DATA FOR REVIEW:

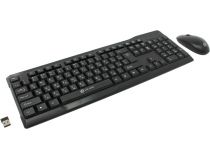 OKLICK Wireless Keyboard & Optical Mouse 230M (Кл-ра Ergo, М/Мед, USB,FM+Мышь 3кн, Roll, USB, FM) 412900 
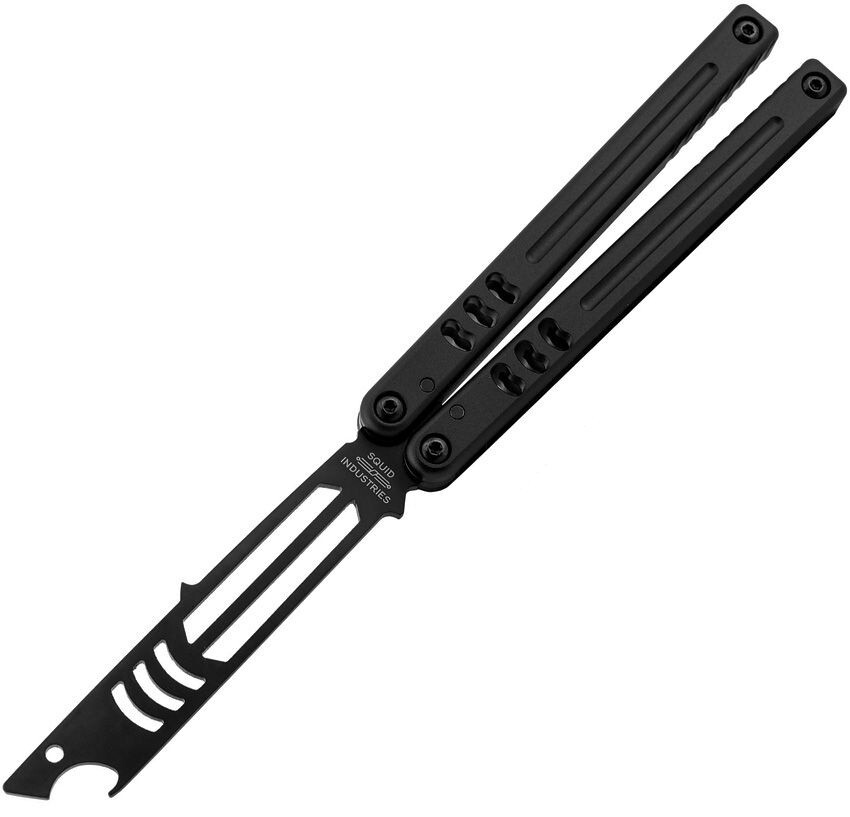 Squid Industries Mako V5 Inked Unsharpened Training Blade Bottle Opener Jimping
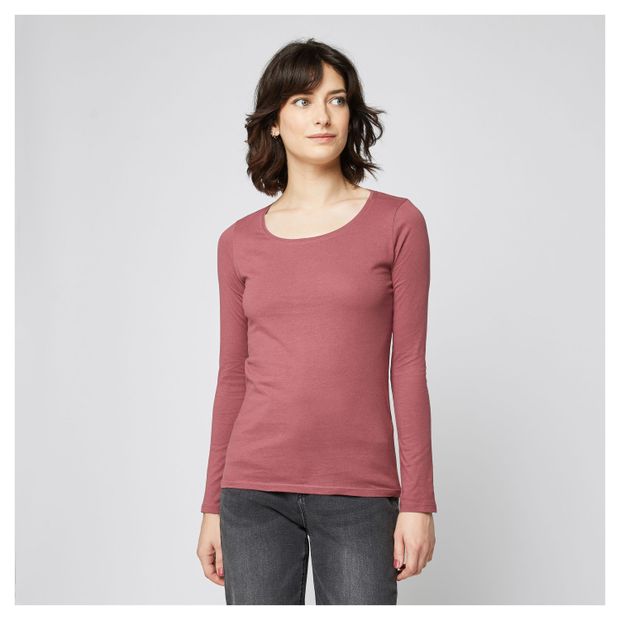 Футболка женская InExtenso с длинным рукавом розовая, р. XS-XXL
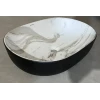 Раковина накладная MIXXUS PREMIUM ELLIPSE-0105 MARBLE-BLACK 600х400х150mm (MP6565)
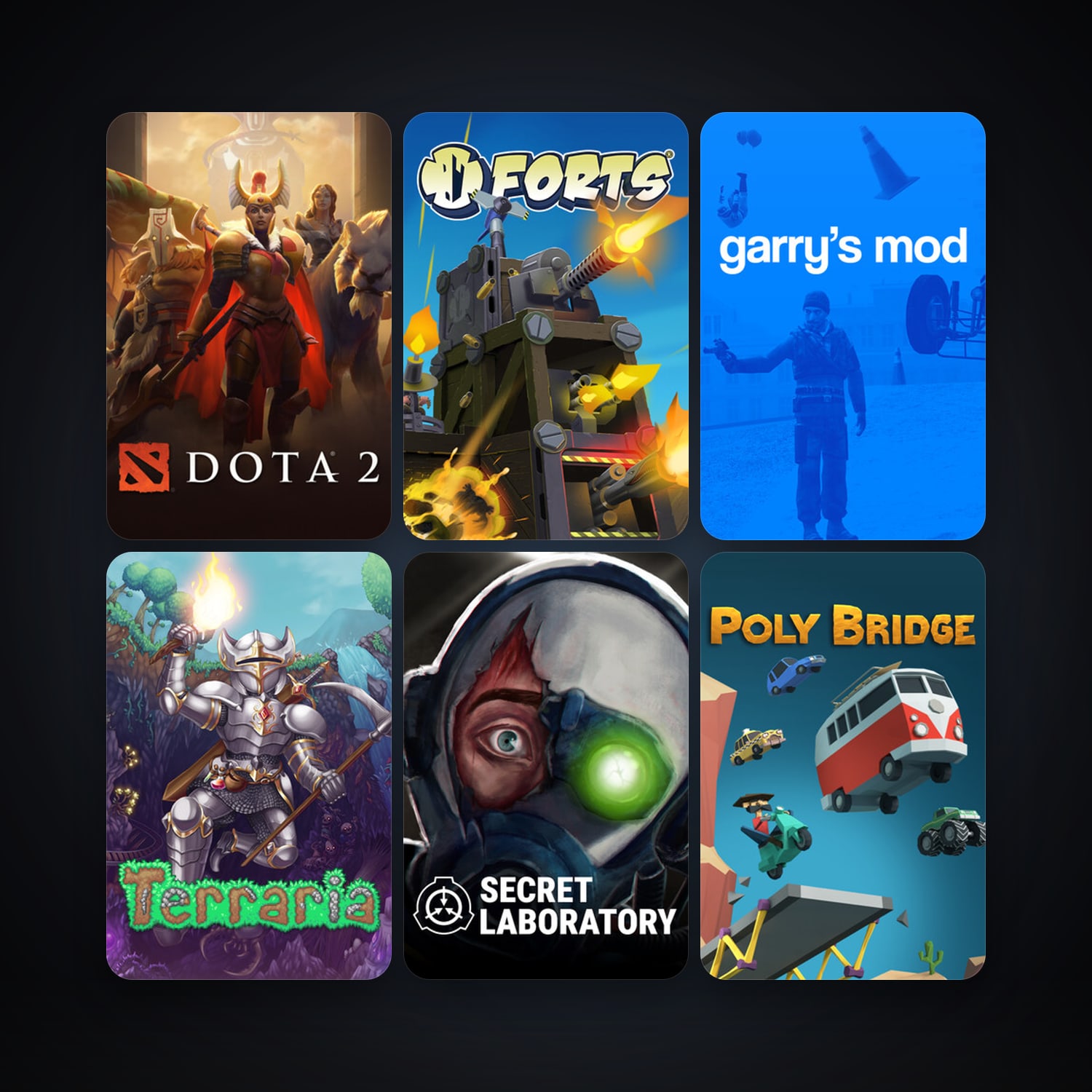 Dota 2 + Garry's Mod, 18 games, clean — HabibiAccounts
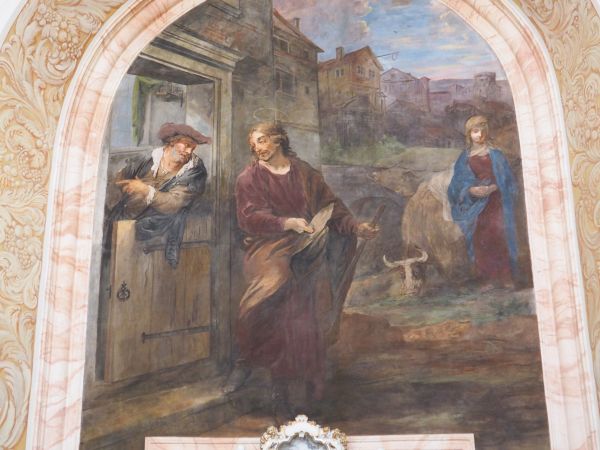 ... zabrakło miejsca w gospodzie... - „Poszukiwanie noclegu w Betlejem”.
---
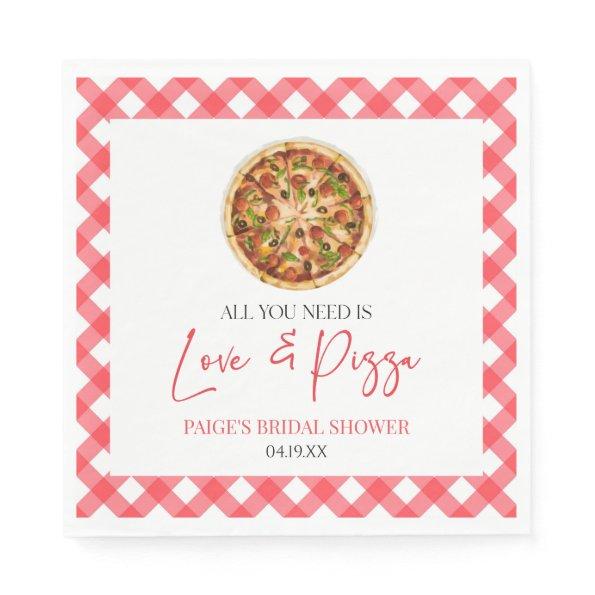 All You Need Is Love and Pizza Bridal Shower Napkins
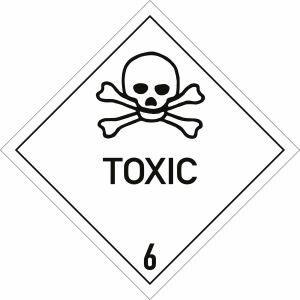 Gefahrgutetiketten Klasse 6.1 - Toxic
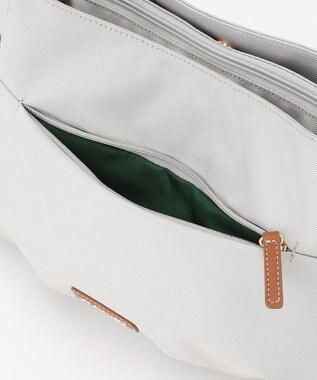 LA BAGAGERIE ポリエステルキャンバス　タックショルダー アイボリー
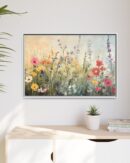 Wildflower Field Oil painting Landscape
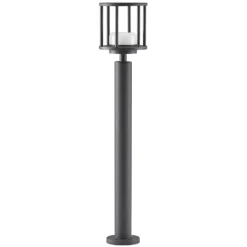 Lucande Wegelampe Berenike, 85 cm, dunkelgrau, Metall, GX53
==
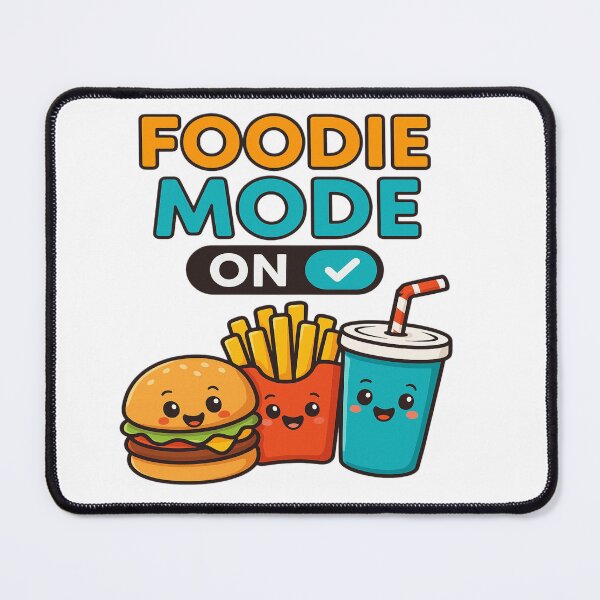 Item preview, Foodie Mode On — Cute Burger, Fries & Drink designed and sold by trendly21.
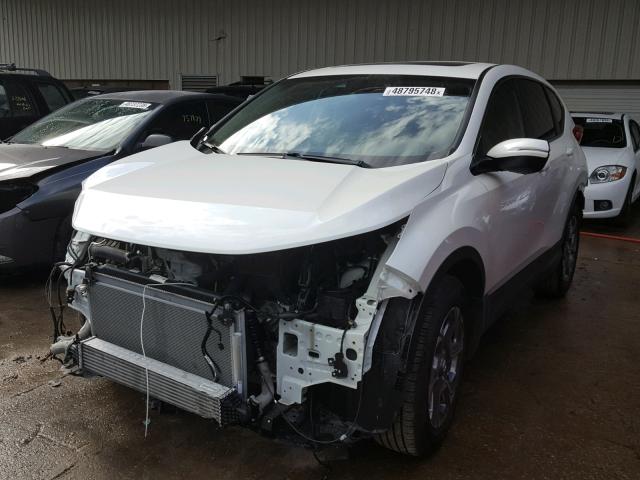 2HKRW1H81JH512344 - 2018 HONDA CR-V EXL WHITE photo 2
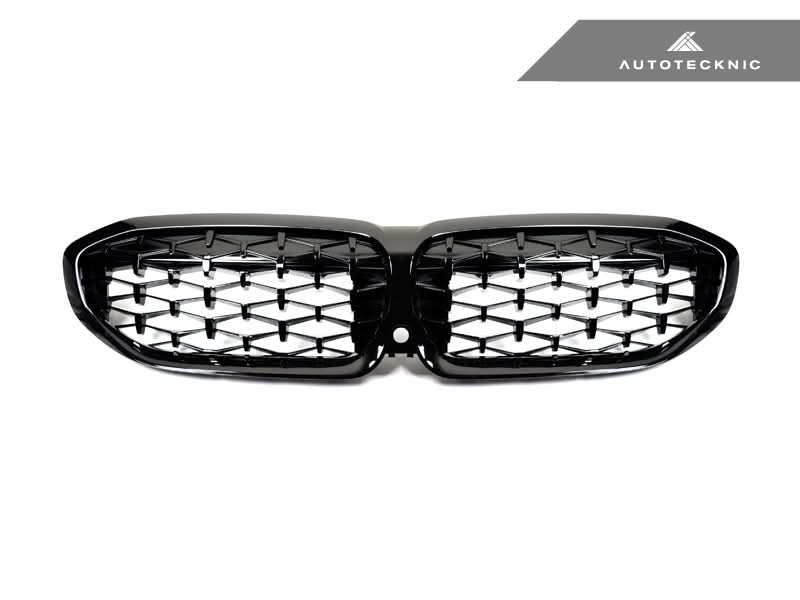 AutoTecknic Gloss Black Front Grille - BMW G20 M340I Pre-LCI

TASK OBJECTIVE: Reproduce, word for word, only the lines in the records above from the line with "Squid Industries Mako" through the line with "Раковина накладная MIXXUS", including both ends; omit the pictures.

EXERCISE RESPONSE:
 Squid Industries Mako V5 Inked Unsharpened Training Blade Bottle Opener Jimping
 Футболка женская InExtenso с длинным рукавом розовая, р. XS-XXL
 Раковина накладная MIXXUS PREMIUM ELLIPSE-0105 MARBLE-BLACK 600х400х150mm (MP6565)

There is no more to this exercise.